The local cement industry has experienced phenomenal growth in the last few years, headlined by the entrance of new players, making it one of the most dynamic and competitive market ecosystems in the region.
An industry survey by the East African Cement Producers Association shows that installed cement production capacity has grown from three to 6.5 MT (million tonnes) between 2007 and 2014. Domestic demand has also increased, albeit more slowly, to 3.8 MT, up from 2.1 MT.
The direct corollary of this has been heightened competition among the six producers that now rule the roost in the industry.
These include Athi River Mining, Bamburi Cement and East African Portland Cement Company (EAPCC). Others are Mombasa Cement, which started off in Uganda and still has an active operation there, the National Cement and Savannah Cement.
As a result, cement consumers are enjoying some of the best prices ever, as producers hanker for new ones in a market that has consistently shown growth in demand.
These downward price movements subsist in a high-inflation environment, which means the only logical justification for the trend is the fight for market share by cement manufacturers.
This low price “dividend” which consumers are reaping is bound to continue, given the bullish talk coming from prospective new entrants. Nigeria’s Dangote Group and CemTech are often mentioned as having set their eyes on the Kenya and East African cement markets.
Currently, there are no duties on imports or exports of cement or clinker between Comesa and EAC members.
EASY TO ENTER MARKET
Imports are reported in the survey as marginal on current form, with clinker, a key raw material in the manufacture of cement, being the main related import landing on the East African shores in material quantities.
Even then, this could change drastically in the face of a reduction in import duties in the region, opening the floodgates to cheap cement from low-cost and State-subsidised producers. Industry estimates put at between 2 to 2.5 MT the amount of cement that can be imported into the Kenyan market.
The purchase of clinker from fellow manufacturers to add on to the imports and smooth over existing capacity shortfalls is a notable trend, especially in the period before 2011. This window is used to meet the demand of Kenyan producers as well as their peers in landlocked Uganda, Rwanda, Burundi and South Sudan.

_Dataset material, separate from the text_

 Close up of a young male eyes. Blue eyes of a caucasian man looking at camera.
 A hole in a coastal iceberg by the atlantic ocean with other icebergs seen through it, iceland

The ability to import clinker has been cited as one of the reasons new entrants are finding it relatively easy to enter the local market. Even with the scarcity of natural deposits of limestone in most parts of East Africa, any player can build and retain market share by importing clinker.
In any case, there is a big market to be had, most of it beyond Kenya. In addition, massive construction of infrastructure and property are underway in the region.
With price emerging as a key matrix of competition for what is sometimes considered a generic product, the pressure is now on manufacturers to reduce their costs. A natural stop in this pursuit is energy costs, given that cement manufacturers have some of the highest energy bills in the country.
Such has been the sea-change in the local cement industry that Bamburi Cement Ltd, which before 2009 controlled over 60 per cent of the stakes, has seen its share fall to just around 39 per cent.
EAPCC, in which Lafarge maintains what is largely a financial stake with no operational role, has also seen its market share go down to about 20 per cent from 28 per cent in 2009.